Is that not interesting to you?  The light became blinding.  These things Isaiah said because he saw his glory and he spoke of him.  When Isaiah said that, he was speaking of Christ and how He would render judgment on unbelieving Israel.  Good news is verse 42 he say, “Oh, many of the rulers believe.”  Not so good.  Because of the Pharisees they were not confessing Him for fear they’d be put out of the synagogue for they loved the approval of men rather than the approval of God.  Those Pharisees not only were stubborn unbelievers themselves, but they laid that influence on so many others. 

He really turned out the light.  Not long even after this situation in chapter 8, just months, and after the comment in chapter 12, hours, maybe days.  So how do you die in your sins?  Be self-righteous, be worldly, be faithless, be obstinate.  But to do this, you will be required – if you’ve been here – to stumble over the cross and stumble over the resurrection heartlessly trampling under feet the Son of God and counting the blood of the covenant an unholy thing. 

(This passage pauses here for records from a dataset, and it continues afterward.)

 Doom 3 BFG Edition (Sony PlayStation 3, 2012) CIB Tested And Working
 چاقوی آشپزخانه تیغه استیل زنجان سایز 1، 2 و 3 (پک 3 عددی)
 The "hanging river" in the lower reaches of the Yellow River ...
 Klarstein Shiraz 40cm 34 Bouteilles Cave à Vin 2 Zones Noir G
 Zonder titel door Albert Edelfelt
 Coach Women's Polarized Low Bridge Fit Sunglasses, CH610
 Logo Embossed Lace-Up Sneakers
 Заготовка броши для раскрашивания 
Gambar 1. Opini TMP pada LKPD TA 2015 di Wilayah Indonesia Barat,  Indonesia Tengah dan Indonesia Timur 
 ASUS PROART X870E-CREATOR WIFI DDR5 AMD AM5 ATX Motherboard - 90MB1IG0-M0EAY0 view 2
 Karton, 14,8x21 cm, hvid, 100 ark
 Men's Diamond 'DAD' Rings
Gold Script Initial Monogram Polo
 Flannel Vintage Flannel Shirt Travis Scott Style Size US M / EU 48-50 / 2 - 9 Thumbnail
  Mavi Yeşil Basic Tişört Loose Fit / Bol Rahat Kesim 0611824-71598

There is another alternative put down in verse 30, “As he spoke these things, many came to believe in Him.  To them He says, ‘If you continue in my word, you’re truly disciples of mine.’”  Can’t tell at the moment, right?  ‘Cause so many fall away.  If you continue you’re a real believer.  Well, there were 120 that were faithful.  It’s a warning message and it’s as serious as serious gets.  Can’t convey how urgent it is for us to hear this and to pass this message on.  I know it’s hard to say to someone, “You will die in your sins,” but that’s exactly what Jesus says.  Now you can trust Him for the results, can’t we?  Do we have to convey to sinners the urgency of this?  It’s not about Jesus fixing your life and making you feel better about yourself and your world you live in.  It’s much more urgent than that.

I don’t know where you are before the Lord.  Many of you I do, of course, but there are some of you here I have no idea what your spiritual situation is.  I just warn you because that’s what I’ve been called to do, to discharge the message as faithfully as I can and leave it to your heart and you will be held responsible for what you do with regard to Jesus Christ.